* **Work instruction**:
All of the data must be written out verbatim, with pictures excluded.
[Record excerpts — start]
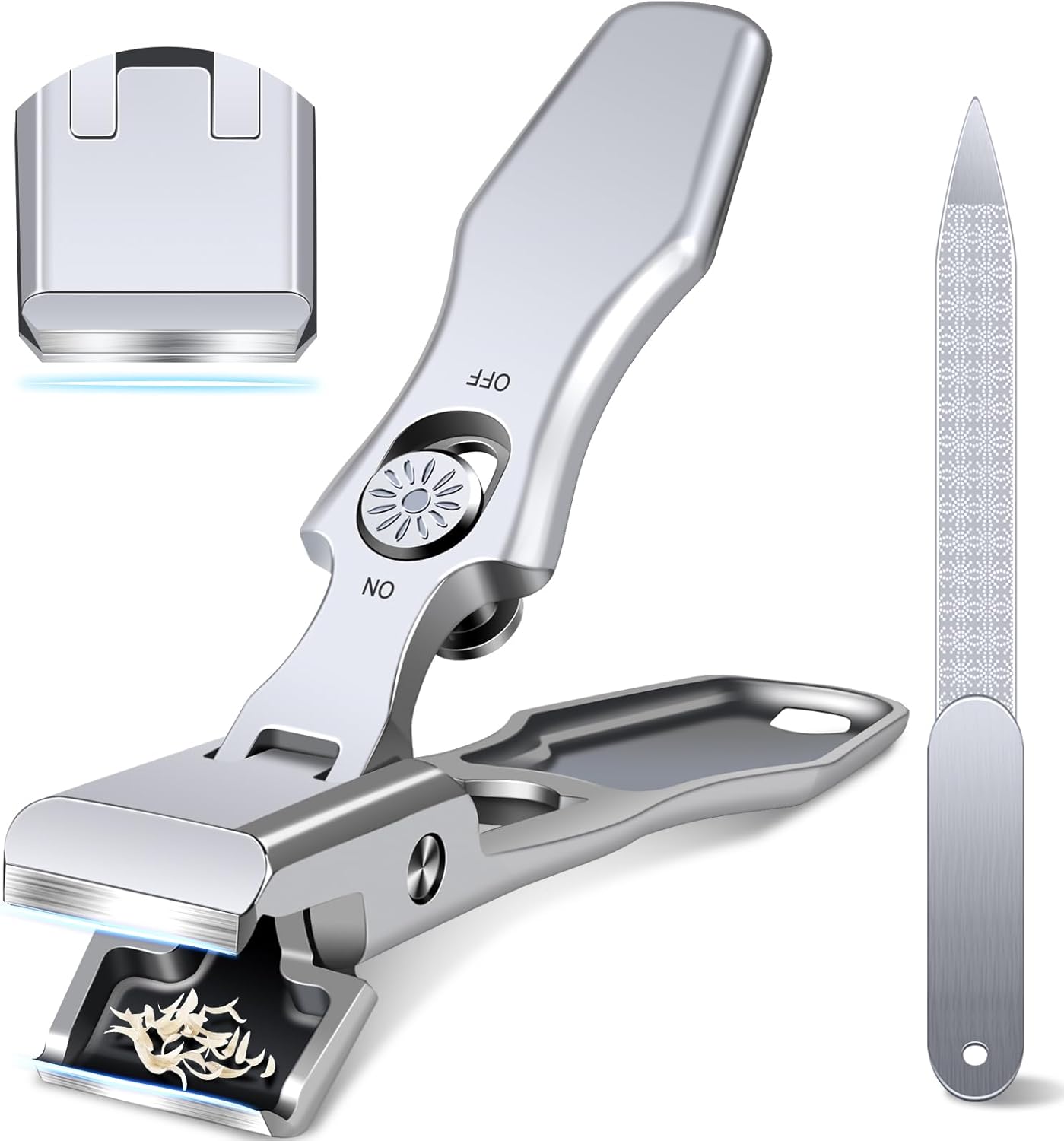 German-Engineered Heavy Duty Nail Clippers for Thick Nails, Wide Jaw Toenail Cutter with Catcher - Image 9
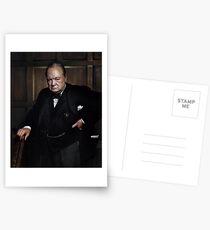 Winston Churchill 1941 by Yousuf Karsh Postcards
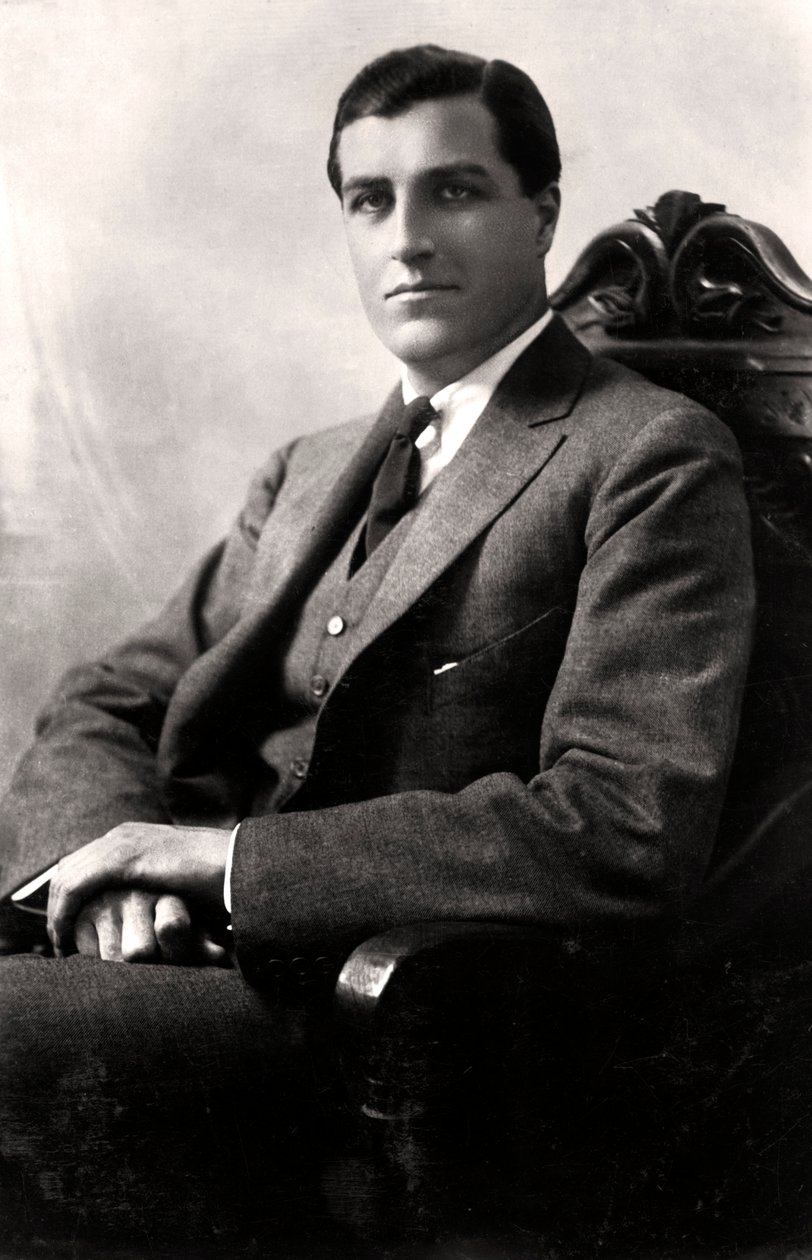 Godfrey Tearle 1884-1953, amerykański aktor, 1916. autorstwa Claude Harris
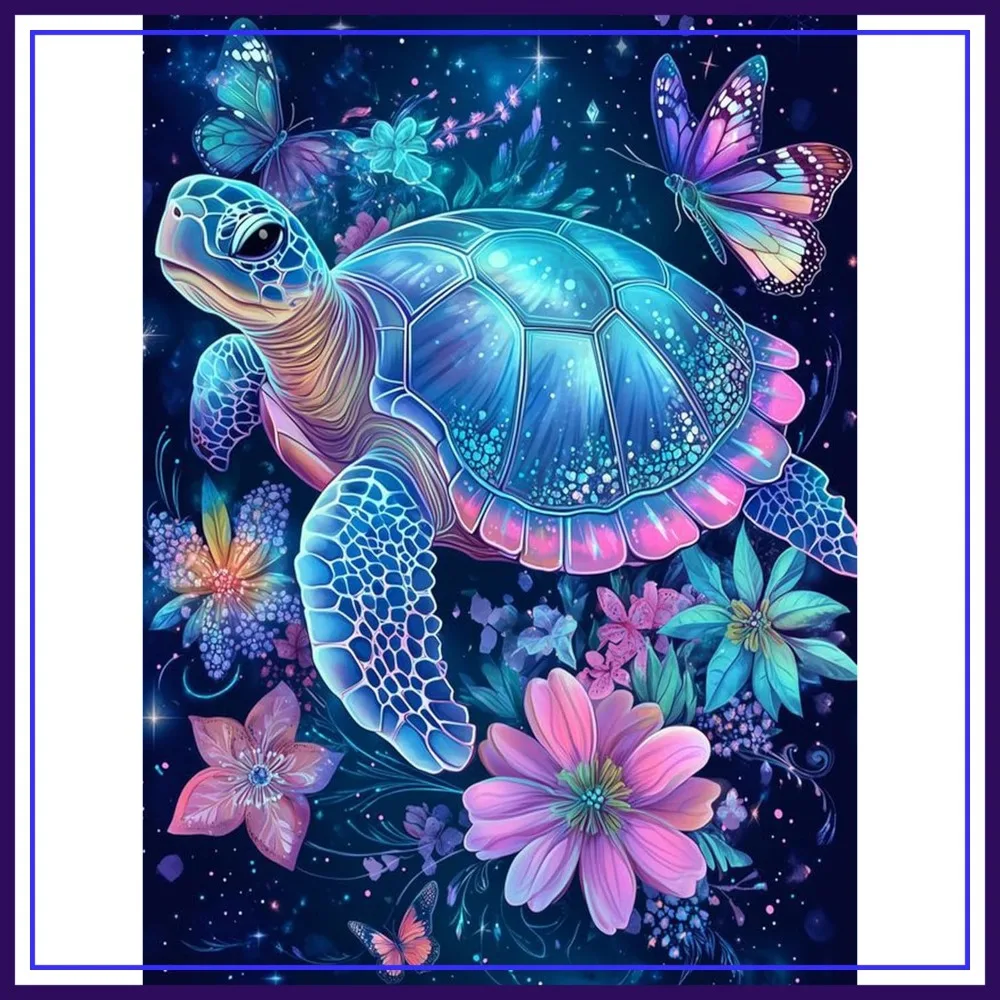 

Full Drill Diamond Art Painting Kits for Adults, Round 5D Gem Art DIY Crafts 12x16inch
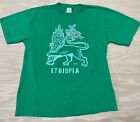 Herren Confidence Standardwear Äthiopien Löwe T-Shirt Größe Erwachsene Large - XL grün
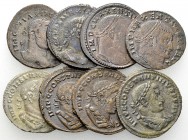 Lot of 8 Roman Imperial AE Nummi 

Lot of 8 (eight) Roman AE Nummi: Maximianus Herculius, Galerius, Maxentius (2), and Constantine I (4).

Mostly ...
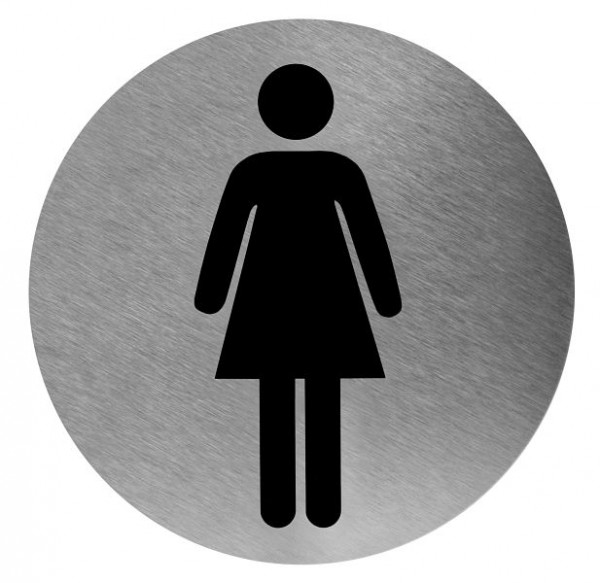 All Care Mediclinics Pictogram vrouw RVS, 14283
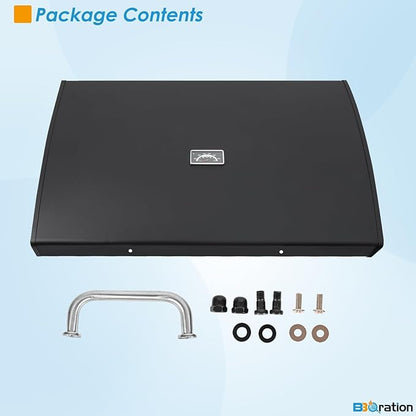 Upgrade Hinged Lid for Blackstone 1517 28 Inch Omnivore Griddle (2024 Model), 5857 Griddle Hood Flat Top Lid for Blackstone 28" 2206 2269 Grill Hood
[Record excerpts — finish]
* **Exercise result**:
 German-Engineered Heavy Duty Nail Clippers for Thick Nails, Wide Jaw Toenail Cutter with Catcher - Image 9
 Winston Churchill 1941 by Yousuf Karsh Postcards
 Godfrey Tearle 1884-1953, amerykański aktor, 1916. autorstwa Claude Harris

Full Drill Diamond Art Painting Kits for Adults, Round 5D Gem Art DIY Crafts 12x16inch
 Herren Confidence Standardwear Äthiopien Löwe T-Shirt Größe Erwachsene Large - XL grün
 Lot of 8 Roman Imperial AE Nummi 

Lot of 8 (eight) Roman AE Nummi: Maximianus Herculius, Galerius, Maxentius (2), and Constantine I (4).

Mostly ...
 All Care Mediclinics Pictogram vrouw RVS, 14283
 Upgrade Hinged Lid for Blackstone 1517 28 Inch Omnivore Griddle (2024 Model), 5857 Griddle Hood Flat Top Lid for Blackstone 28" 2206 2269 Grill Hood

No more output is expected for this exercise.